Marla Grayson und ihre Geliebte und Geschäftspartnerin Fran (Eiza González) haben jedoch nicht mit aufbegehrenden Verwandten gerechnet. Herrlich, wie Peter Dinklage (aus „Game of Thrones“) hier vom psychopathischen Killer zum wehleidigen Muttersöhnchen hin- und herswitcht. Doch mit Marla hat er sich mit einer nicht zu unterschätzenden Gegnerin angelegt. Wenn sie an ihrer E-Zigarette zieht, wirkt es, als brodelte unter dem Eisberg ein Vulkan.

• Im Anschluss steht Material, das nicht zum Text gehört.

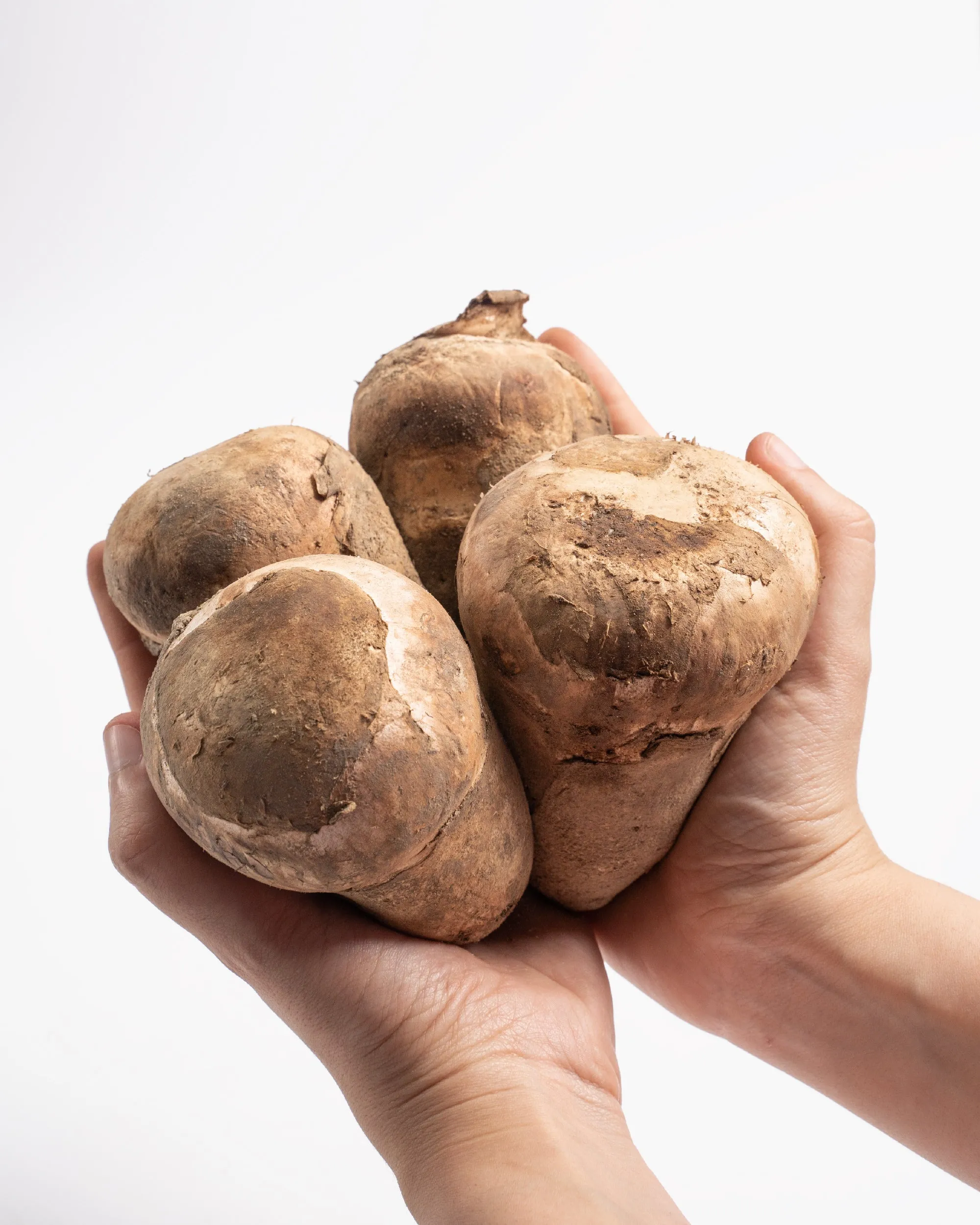 Gurumelo o Amanita Ponderosa fresca 400 g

Die Schauspieler sind umwerfend in dieser schwarzen Komödie. Allen voran Rosamunde Pike, die hier nach „Gone Girl“ einen weiteren unvergesslichen und preiswürdigen Auftritt hinlegt, der der Britin gerade den Golden Globe einbrachte. Mit ihrem kühlen Blick und dem Bob, der sitzt wie aus Beton gegossen, scheint sie direkt Hitchcocks Universum entsprungen. „Ich bin kein Lamm“, sagt sie im Vorspann, „ich bin eine verdammte Löwin“. Ihr möchte man in freier Wildbahn lieber nicht begegnen.